Left: Geraldo Guzman (left). (Photo: Keith Rocka Knittel) Right: Curator Michael Ray-Von. (Photo: Travis Diehl)


It’d been almost three hours and the Mud Man was getting shaky; the mud was dry; he needed a break. Keith ran down the street for some empanadas. Filmmaker Daniel Roses asked Guzman about his life as he rested, eating with mud-crusted hands. Yes, as it turns out Guzman had spent almost thirty years in Los Angeles before being deported. Meanwhile, the artists faced some sharp questions.

“So how different is it for you guys to actually experience the Mud Man, in contrast to your idea of having the Mud Man?” asked Pavlovic.

“It’s crazy having the real person. Really weird,” said Kado. And Rocka Knittel: “It’s kind of exactly how I imagined it though.”

A bit later, a woman out front prodded for an explanation. “Inanimate objects becoming animate,” said Kado, “and the opposite happening.”

“Like you hiring this man?”

It’s stock Marxist critique and the work lay there helpless but Kado is one of those funny Marxists and he could handle it: “Although he does it every day.” So is the Mud Man an extension of You the Artist’s mind? Is your degree in exploitation? “You’ve never met a person who hasn’t been exploited,” said Kado. Never, out of all our billions and billions.

Left: At the US-Mexican border. Right: DJ Tony Gallardo at the afterparty at Bodega Aragón. (Photos: Travis Diehl)

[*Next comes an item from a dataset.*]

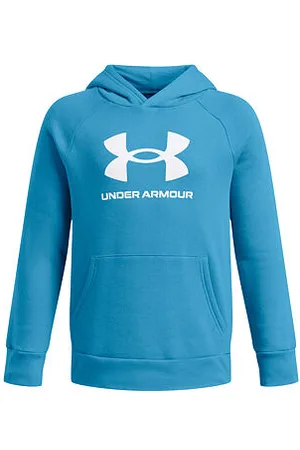 Under Armour Chlapecká mikina Rival Fleece BL Hoodie velikost YL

“And oh, excuse me . . . ” The Mud Man was closing down shop, and it was time to take one last group photo. The binaurals seemed to have doubled in volume and now cued “relaxation”; Guzman rinsed off in the bathroom, leaving a muddy ring around the toilet bowl, and there was somehow no more Blind Rage and there was lipstick all over that cat and Guzman took off. Buenas noches Guzman and thank you.

There was a tableau vivant against one wall with the street kitten as Christ-child centerpiece, smooched by Los Angeles saxophonist Zumi Rosow, who had shown up at the last minute with a carload of Angeleno artists. All that was left were rumors of Mud Men, though. And now we could let loose. The afterparty was at Bodega Aragón a few blocks away; the beers were twenty pesos and DJ Tony Gallardo wore a camo jacket circa Desert Storm. The next morning, surrounded by crooning vendors in the screech and stop of border traffic, those three arches, Golden and Tijuana, modulated into throbbing mono.